------ Materials provided

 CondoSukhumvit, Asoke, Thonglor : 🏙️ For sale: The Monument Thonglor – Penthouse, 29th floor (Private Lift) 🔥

------------
------ Materials provided

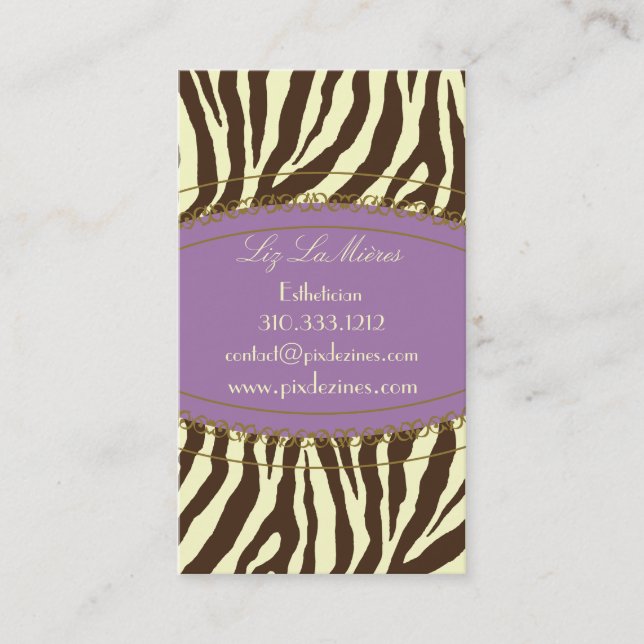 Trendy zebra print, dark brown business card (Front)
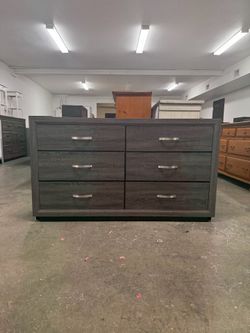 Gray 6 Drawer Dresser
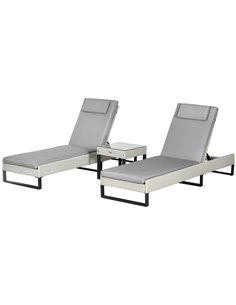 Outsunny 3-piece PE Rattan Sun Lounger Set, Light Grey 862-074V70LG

------------
------ Materials provided

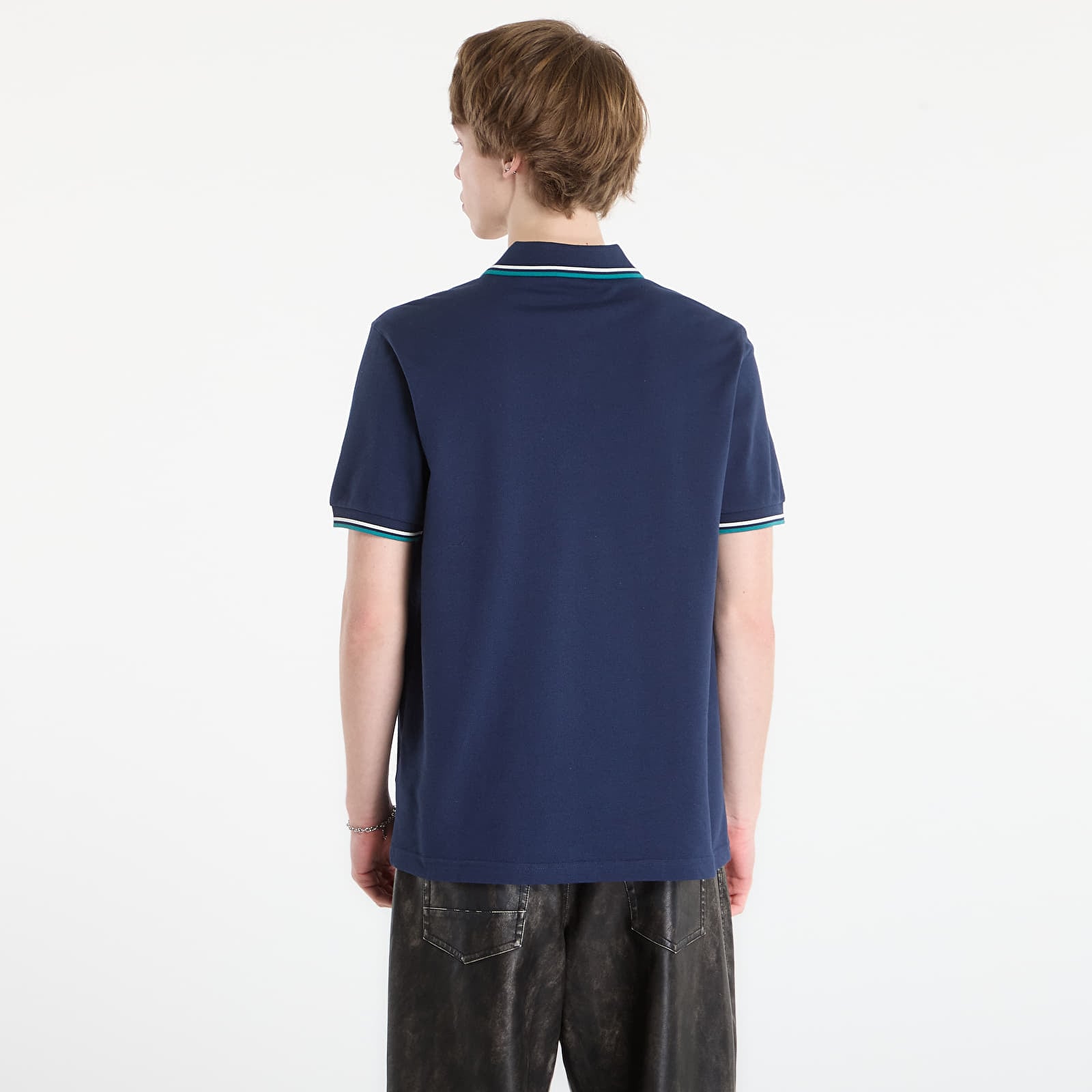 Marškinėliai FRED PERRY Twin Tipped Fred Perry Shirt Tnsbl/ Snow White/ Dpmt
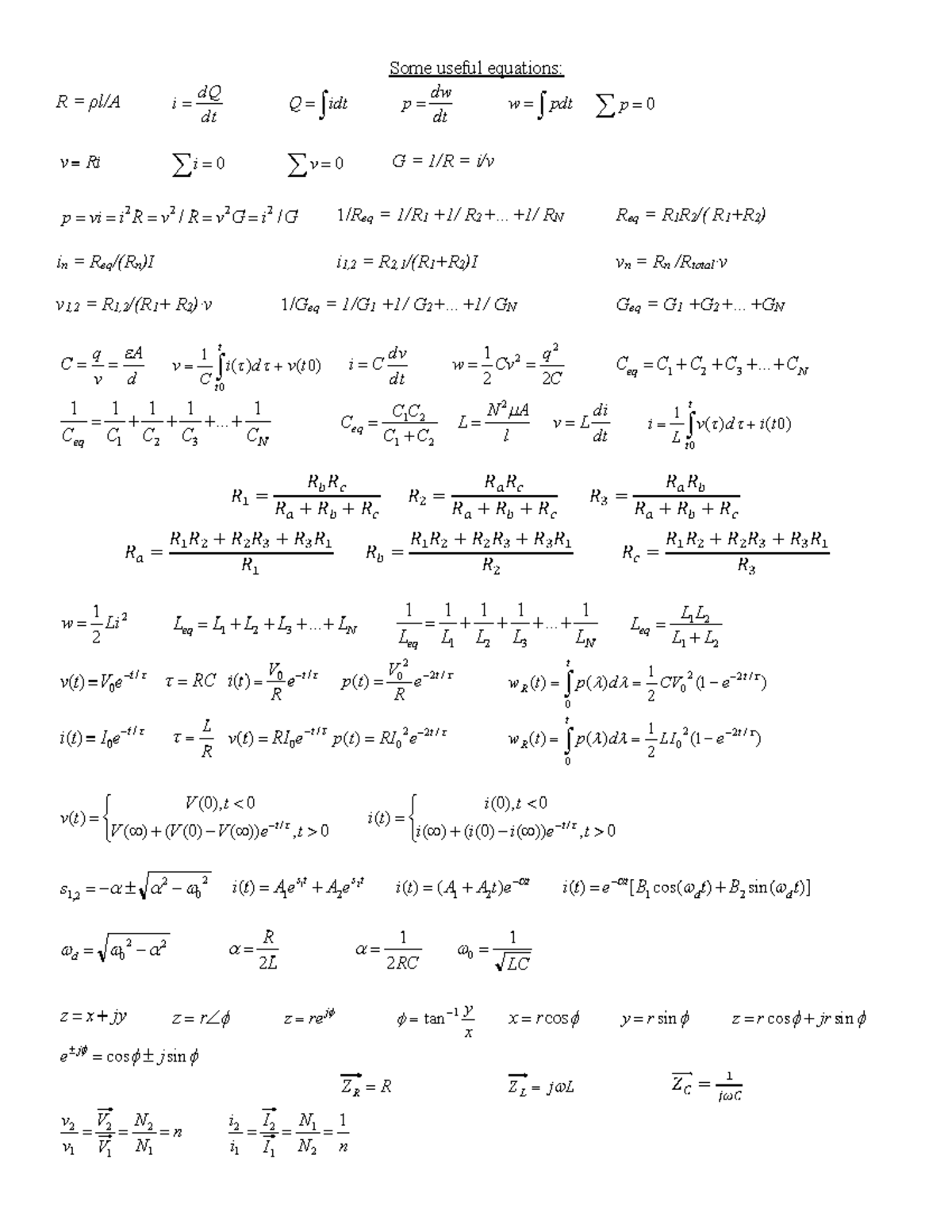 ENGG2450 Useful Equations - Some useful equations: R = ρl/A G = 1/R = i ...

------------

• [Assignment]
Among the entries above, take the line with "Marškinėliai FRED PERRY", the line with "ENGG2450 Useful Equations", and all the lines between them, and restate them word for word without pictures.

• [Problem solution]
 Marškinėliai FRED PERRY Twin Tipped Fred Perry Shirt Tnsbl/ Snow White/ Dpmt
 ENGG2450 Useful Equations - Some useful equations: R = ρl/A G = 1/R = i ...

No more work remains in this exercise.